Mr. Spellar: Thank you for that, Mr. Deputy Speaker. But if there are, as we know, attempts to say that those who do not fill in the expenses forms as required by the party leader on a retrospective basis might be removed from the list of prospective Members of the European Parliament standing in the next election, it is possible to query whether that is just to do with their expenses or whether it is an attempt to purge the list of MEPs who might be an obstacle to the Conservative leader’s rather crazy idea of tying them up with a group of very dodgy fringe parties in Europe, which would reveal it as a rather nasty party indeed.

There is also a questionable motivation on MPs’ expenses. Again, nearly all the complaints about breaching the rules relate to Tory MPs. I stress that that does not apply to the vast majority of Tory Members, who rightly claim what they are entitled to and who are being unfairly tarnished by those who behave badly. I also note the way in which the issue has been stirred up by Conservative Front Benchers in—I presume—a vain attempt to curry favour with the BBC, an organisation that is remarkably reticent about its own salaries and expenses. Who knows whether that will become more of an issue later in the year?

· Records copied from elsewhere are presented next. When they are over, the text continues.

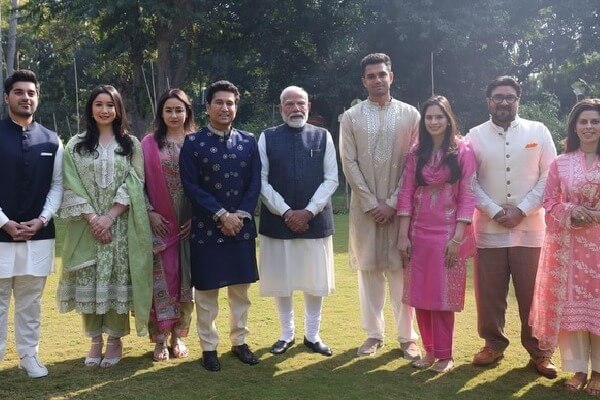 sachin-tendulkar-and-family-meet-pm-modi-invite-him-for-arjun-tendulkars-wedding
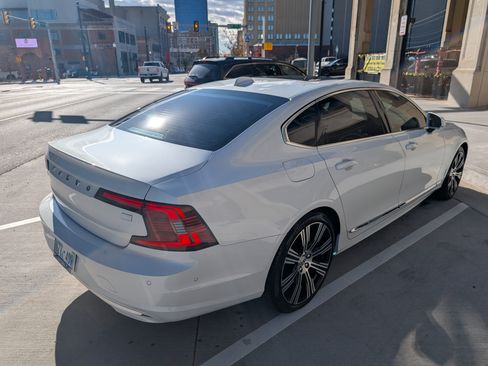 Used 2023 Volvo S90 T8 Ultimate image 9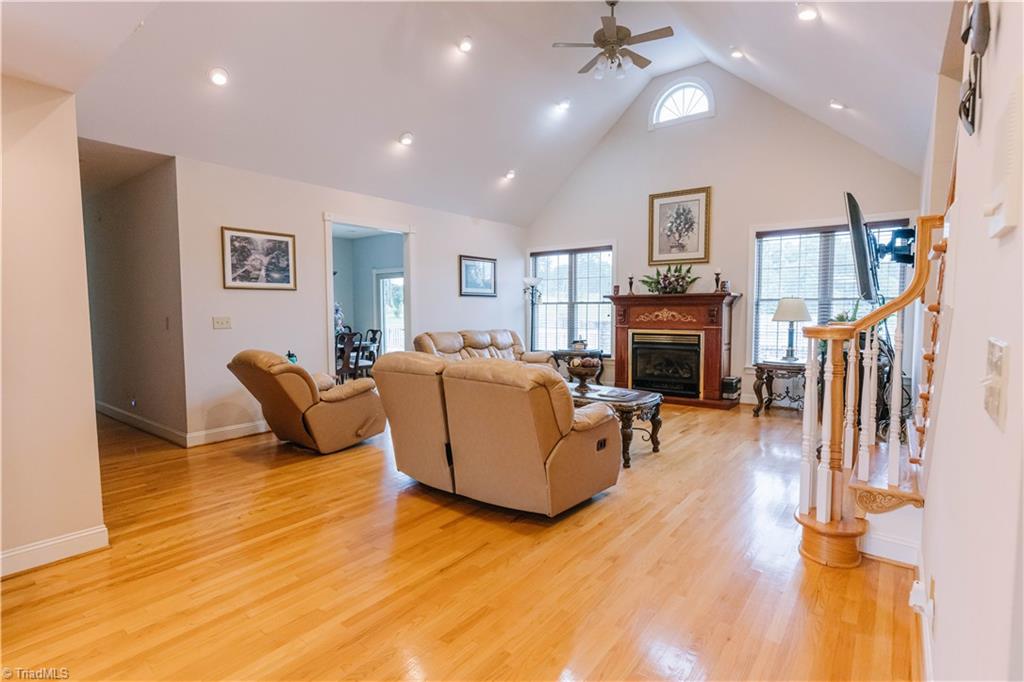 13177 Philpott Road Alton, VA 24520 - Photo 18 of 47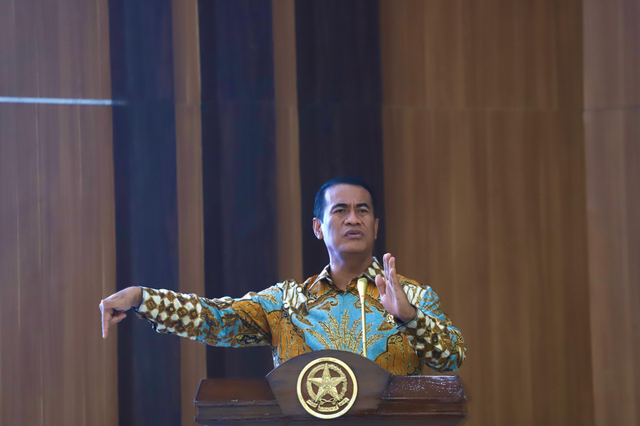 Mentan Andi Amran Sulaiman saat menjadi pembicara utama dalam Dialog Kebangsaan Sekolah Staf dan Pimpinan Lembaga Pendidikan dan Pelatihan Polri (Sespim Lemdiklat) di Lembang, Kabupaten Bandung Barat. Foto: Dok. Istimewa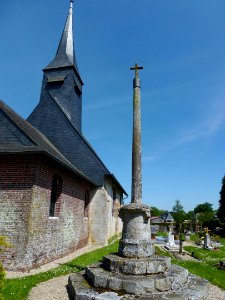 Heudreville-en-Lieuvin (Eure, Fr) église et croix de cimetière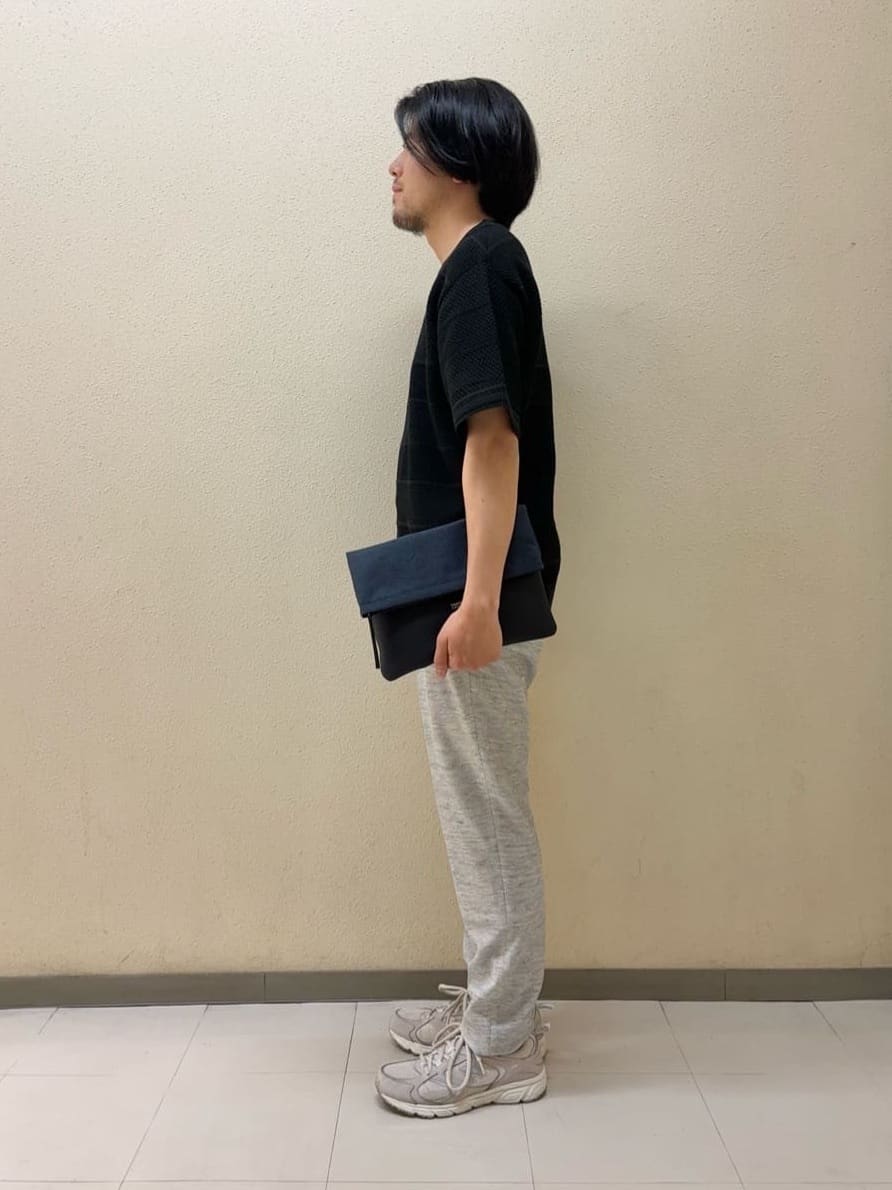 及川さんの「TAKEO KIKUCHI｜【尾州織】リネンブレンド メッシュパンツ」を使ったコーディネート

Lynne Jones (Birmingham, Selly Oak) (Lab): I do not know about the John Lewis list, but the last time I made an expenses claim was when I had to replace my iron and bought a new one for £15.99 from Harry Tuffins. If the media are really concerned about Members’ claims, perhaps they should look at the claims of those who have been Members for many years and are still claiming the maximum allowances. When I entered the House in 1992, the mortgage on the first and only flat that I bought was £250 a month, or £3,000 a year. What about Members who are able to pay huge mortgages, some of whom refinance their mortgages by letting out their original properties, buying more expensive ones and claiming the maximum allowances? They do not even have to worry about the John Lewis list.

Mr. Spellar: My hon. Friend is right: those of us who entered the House some time ago tend to make lower claims. In fact, I note that mine are substantially lower than hers.

What is actually going on inside the Conservative party? A good rule of thumb, which applies to all parties, is that leaks normally come from one’s own side. They may come from disgruntled staff, as may have been the case in some of the instances that we are discussing, or even from ambitious colleagues. In view of that, I find it slightly surprising that Conservative Front Benchers should wish to table a motion to embarrass their colleagues further, including some of their Front-Bench colleagues. Why, for example, do they want to embarrass the hon. Member for Meriden (Mrs. Spelman), whose case is being considered by a Committee of the House?

Mr. Deputy Speaker: Order. I am now in danger of having to ask the right hon. Gentleman to resume his seat. He is not talking in a way in which any Member on either side of the House would expect the debate to be conducted. I ask him to think very carefully about what I have said.